I coloratissimi ospiti scesero dalla 127 "Giannini". L'auto era più esausta di loro, addirittura dalla griglia del radiatore era visibile una nuvoletta di fumo e io stesso, dal mio "piano alto", percepivo un acre olezzo di bruciato. La macchina sembrò perfino sospirare quando, alzato il freno a mano, zio Agostino finalmente la spense. Non ricordo se poi sarebbe regolarmente ripartita. Ne dubito. Gli occupanti appena scesi erano tutti accaldati. Non certo la zia, ma i cugini erano stupiti. Erano nati negli States, non erano abituati a quell'accoglienza, a quell'invadenza, a quel calore così esuberante, tra baci, abbracci, ascelle sudate e odori di gioia più o meno esagitata. Stupito, osservavo la scena da dietro le sbarre della mia prigione a cielo aperto, da quel balcone che era il mio primo luogo di giochi, quello dove giocavo cantando indegnamente "a cappella" le canzoni della hit parade: da Wess e Dori Ghezzi a Drupi.
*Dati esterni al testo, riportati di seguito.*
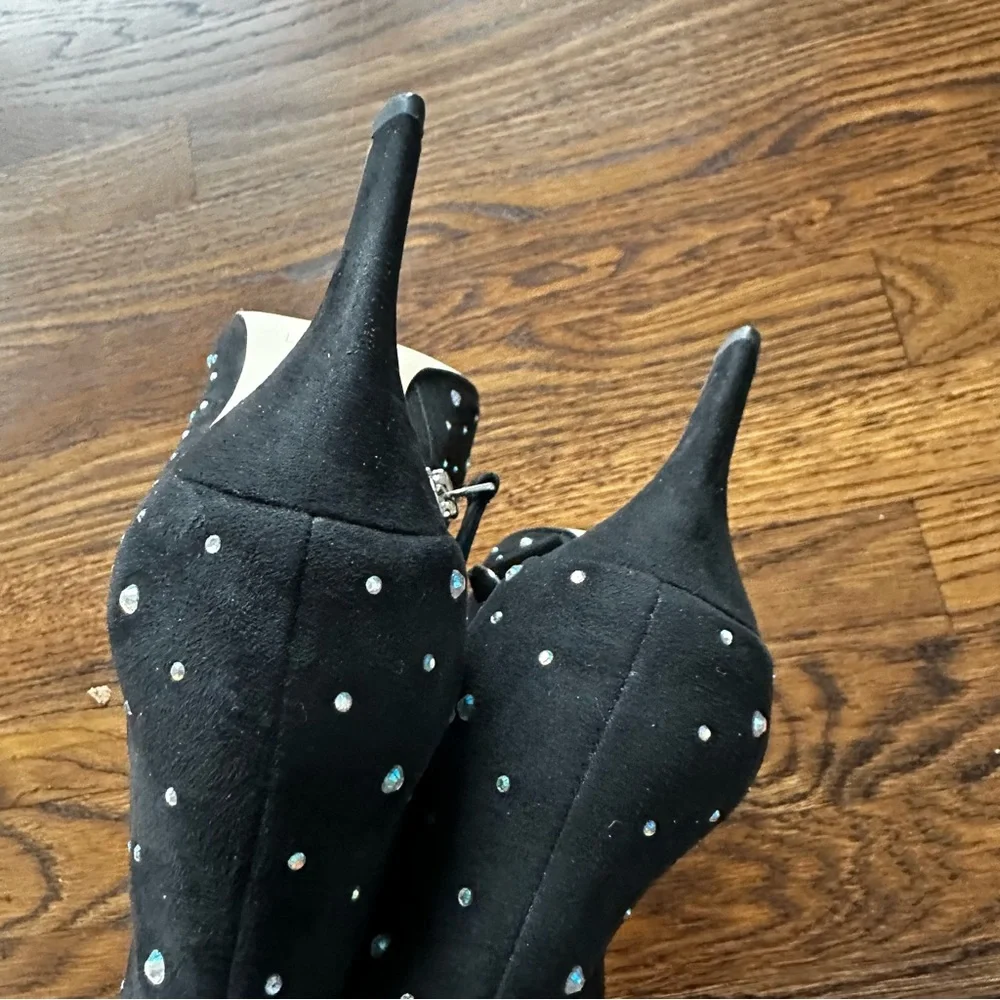 Leith Macee black rhinestone ankle booties US 8 | evening | black tie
Costui, quanto meno, mi avvicinava al blues. A me cinquenne piaceva quella cosa di "cantare". Meno male che, a tal proposito, non ho mai avuto alcuna velleità.

Ma torniamo all'approdo degli zii in terra siciliana. Scesi giù anche io e, curioso, mi unii alla ressa gioiosa di quella singolare cerimonia d'accoglienza, anche se piccolo com'ero faticavo a trovare lo spazio necessario per partecipare di persona. Fu la zia Peppina ad accorgersi di me. Era la prima volta che ci incontravamo. Quella bella signora burrosa con gli occhiali più grandi della faccia aprì la sua borsa gigantesca, dove infilò il suo braccione in profondità. Mi aspettavo che, come Mary Poppins (o anche Eta Beta) tirasse fuori come minimo un attaccapanni. Invece prese un pacchetto di Spearmint, le gomme da masticare americane, quelle che avevano il bordo della carta argentata a coprirle col taglio dentato. La zia dell'America mi aveva già conquistato. Non sapeva, naturalmente, che "cu l'acciunchi li renti ti fannu mali". 
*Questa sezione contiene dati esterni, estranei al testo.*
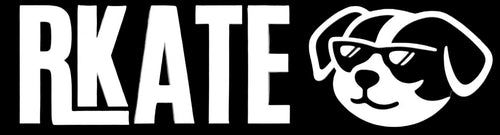 White RKATE logo with a stylized dog head wearing sunglasses on a solid black background.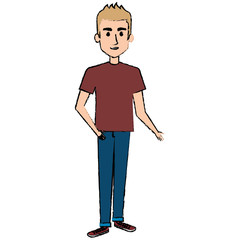 young man avatar character vector illustration design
Una sera, a Ferragosto, sedemmo tutti al caffè Scandaglia, per mangiare il gelato. Louis, adolescente, era uscito con i cugini. Fanny invece rimase con me, a farmi compagnia, insieme alla zia e ai miei genitori. C'erano anche gli zii di Porto Empedocle, che lo strano fotografo di quella sera ha impietosamente trasformato in margini dello scatto. 

Esuberante "all'americana", già diciottenne, mia cugina Fanny pretese il palloncino a elio, quello che aveva la forma di un coniglio, quelli che per non farli volare via si legavano al braccio. Il problema non fu che lo pretese per sé. No, ottenne che anche al mio polso volasse lo stesso palloncino. Con le orecchie lunghe. Mi vergognai come un ladro, ma poi mi attrasse l'idea che quella notte il mio coniglietto restasse attaccato al soffitto della mia cameretta. Ma l'indomani mattina l'elio si era già stancato, e mi svegliai ritrovandomi quel coniglietto spossato davanti ai miei occhi.